I was taught perseverance, never to give up and to have the skin of a rhinoceros.
When I was being taught to walk, I had to learn a rhyme from my physiotherapist:
“Good better best, and may you never rest, until your good is better and your better is your best “
So, when I walked ten steps, I had to do twenty. When I walked twenty, I had to climb a flight of stairs.
This very simple rhyme has governed me my whole life. It helped me when I was at school - although I missed quite a bit - and when I was at university studying for my Degrees, and, when I became an MP and a Minister.
Although a simple rhyme, it encapsulates so much: above all, resilience, perseverance and the pursuit of excellence.

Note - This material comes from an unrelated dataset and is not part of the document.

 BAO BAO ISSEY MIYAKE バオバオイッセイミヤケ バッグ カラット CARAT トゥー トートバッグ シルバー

That is what every one of you here today has achieved - excellence. Excellence through studying at an extraordinary University like BPP, excellence in completing some tough degrees but ones in which good jobs of the future are virtually guaranteed. Excellence in completing courses in skills which our country needs.

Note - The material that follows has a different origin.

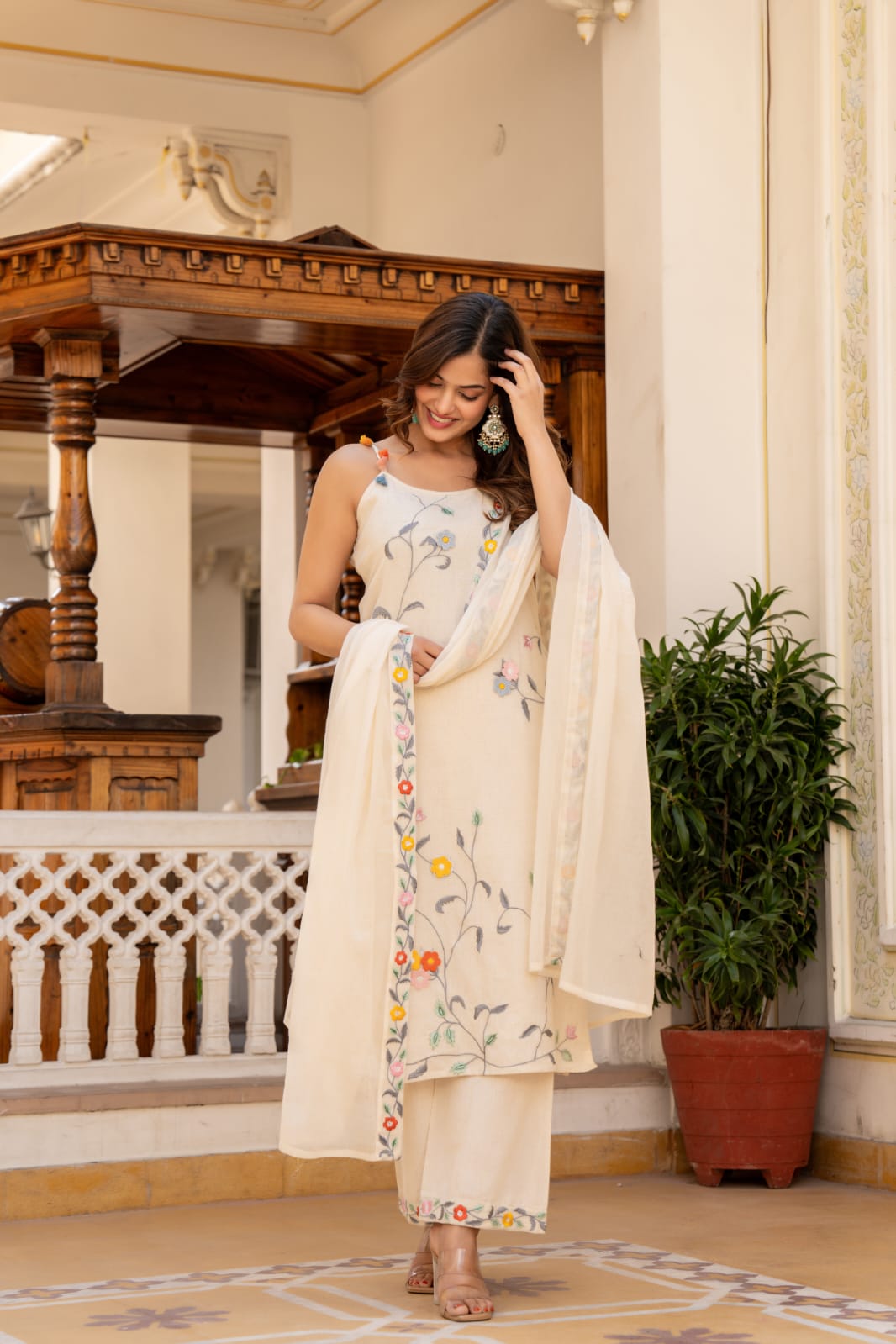 BEAUTIFUL EMBROIDERED SUIT SET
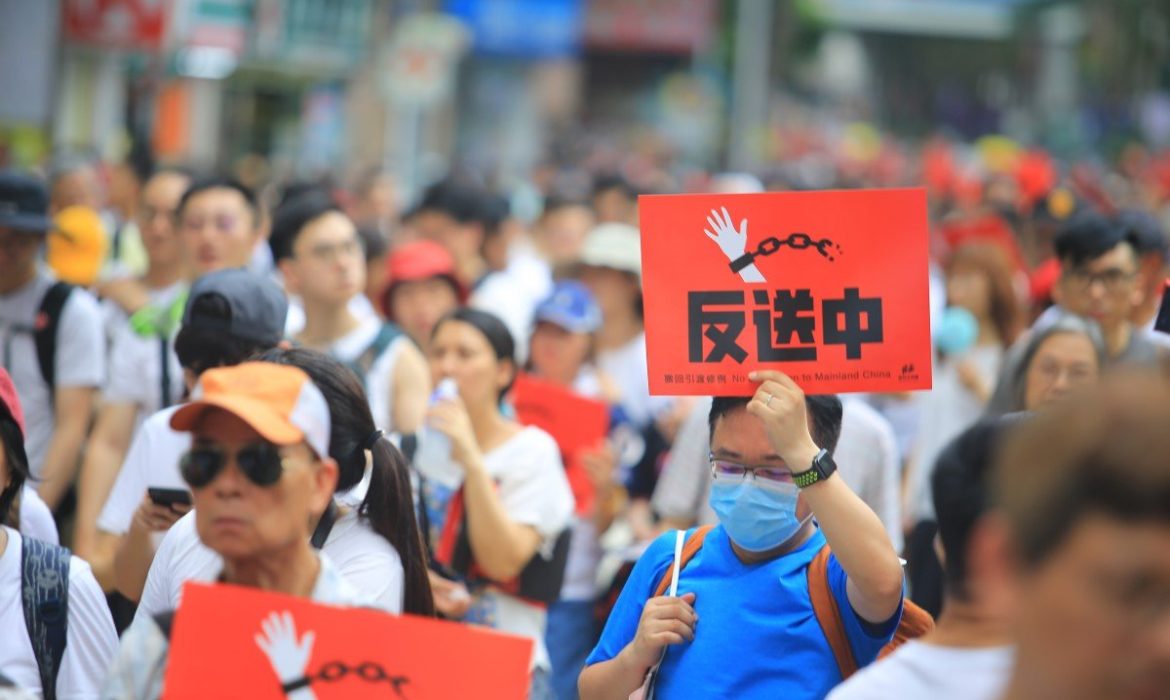 HK Tensions Affect Trade Progress; Yuan Falls, Yen Gains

My experience in education, both as a pupil and then student, gave me a passion for it. But to be honest, until my A-Levels, I struggled quite a bit in some areas. But in the schools I went to, I always felt part of it all and never separate. I never felt disabled. Yes, I had a head start on sports days, but never any kind of privilege or special treatment. I was just given an equal chance to climb the ladder of opportunity.

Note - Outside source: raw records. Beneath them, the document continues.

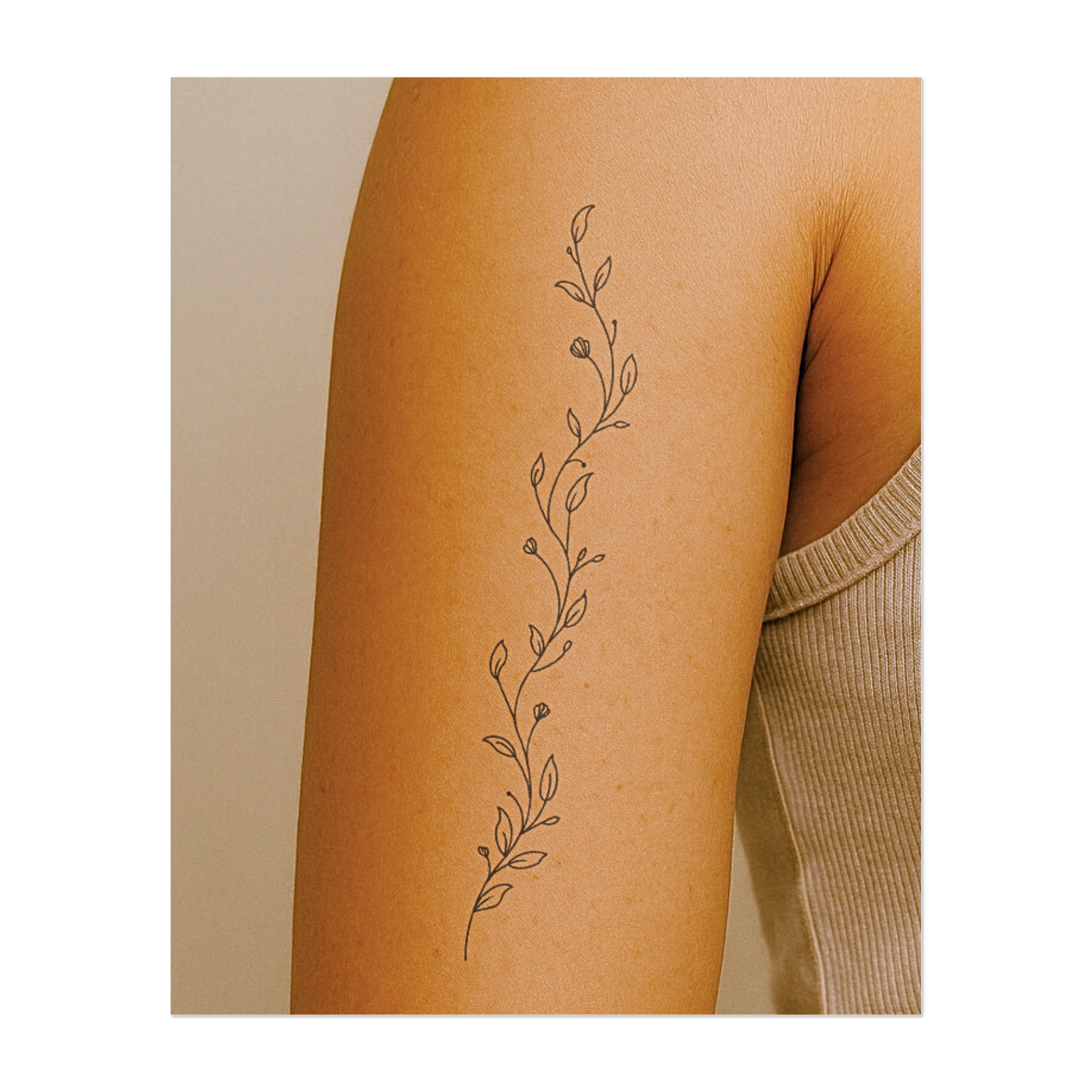 Un delicato motivo a tralcio verticale, decorato con foglie in filigrana e piccoli boccioli. Le linee curve conferiscono al design un aspetto leggero e naturale, ideale per un look discreto ed elegante con un tocco botanico.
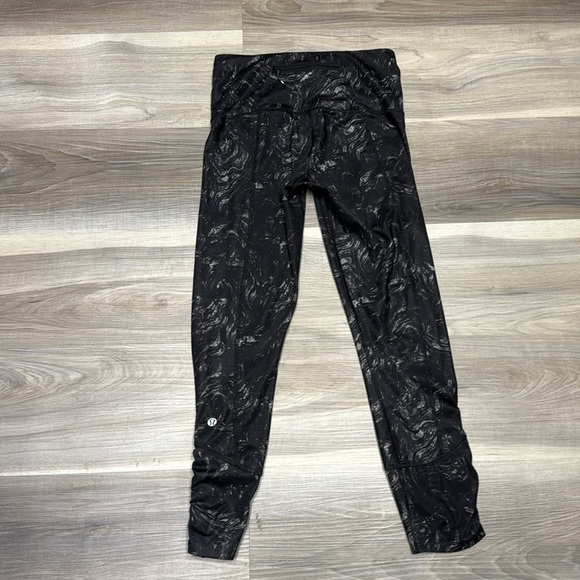 Lululemon Black Patterned Leggings size 4 - Picture 7 of 11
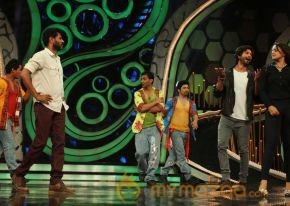 Shahid Kapoor At R Rajkumar Movie Promotion photo 17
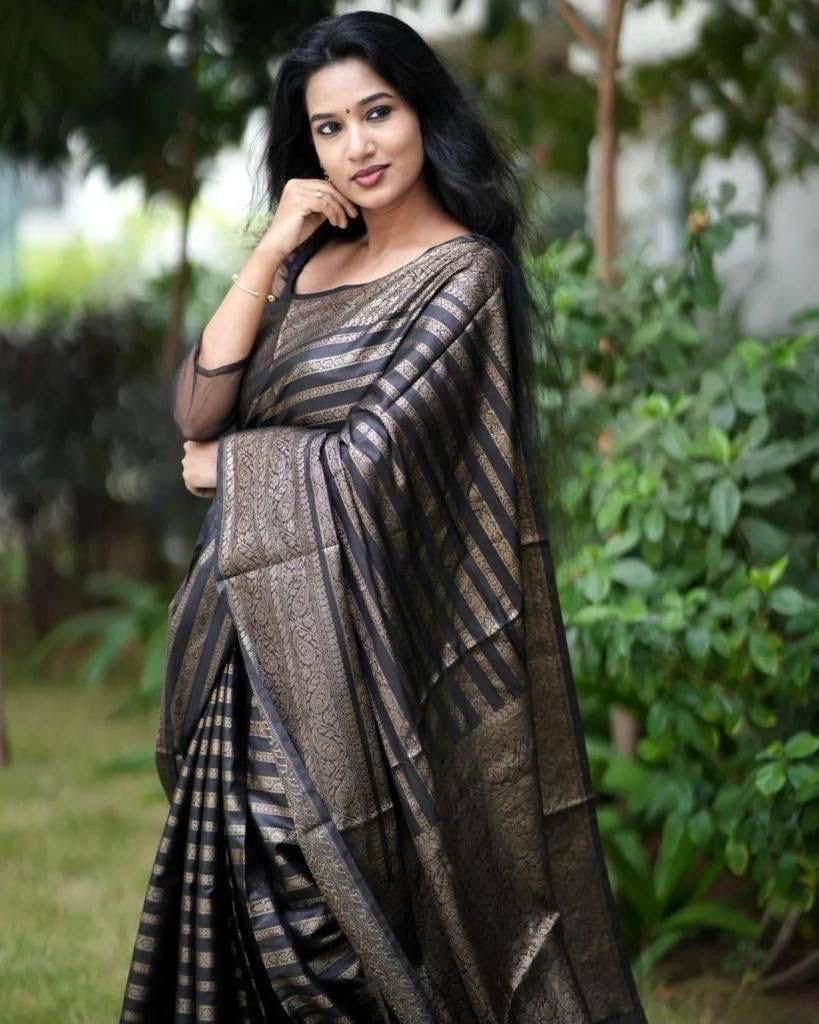 Vamika Weaving Banarasi Jacquard Black Kanjivaram Saree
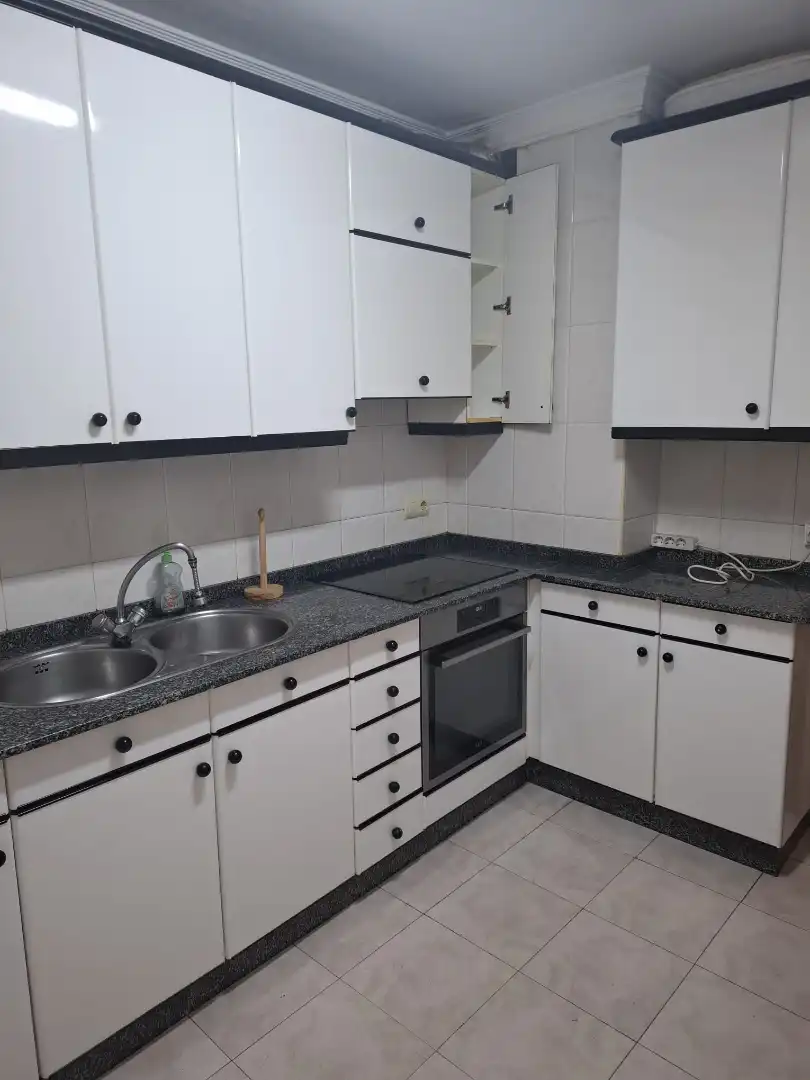 Küche von Wohnung zum Verkauf in Ames mit Heizung und Möbliert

I was a strange child, though. After an MP came to my school, I decided to become a Member of Parliament at the age of ten.
A few years before I finally got elected to the House of Commons in 2010, I met some disadvantaged teenagers being looked after By the Prince's Trust. They were desperate to have skills opportunities. This meeting had such an effect on me that when I walked out of the building - a grim concrete block - on a dark and rainy day, I resolved that I would make it my life’s work to champion skills and ensure that education and skills were a ladder of opportunity for all.
It is why I have advocated for a revolution in skills and apprenticeships and brought about major changes to encourage skills across the board, including in higher education.
I have supported skills and social mobility all through my political career, and I am glad and excited to be able to continue this work through BPP University.
The famous objectivist philosopher Ayn Rand wrote in her novels Atlas Shrugged and The Fountainhead (two books I read as a student) about individuals who refuse to give into the establishment consensus and pursue and fight to achieve their own individual aspirations- without being dragged down by mediocrity. Rand said:
“The ladder of success is best climbed by stepping on the rungs of opportunity”
Each one of you has climbed up those rungs of opportunity.
If I can end with one final quotation, which is from Sir Nicholas Winton, the man who, during 1939, brought hundreds of Jewish children from Nazi Germany to London’s Liverpool Street Station. He said:
“If something’s not impossible, there must be a way to do it."
I think that is the spirit that embodies everyone in this hall today. Congratulations and all possible success to you all.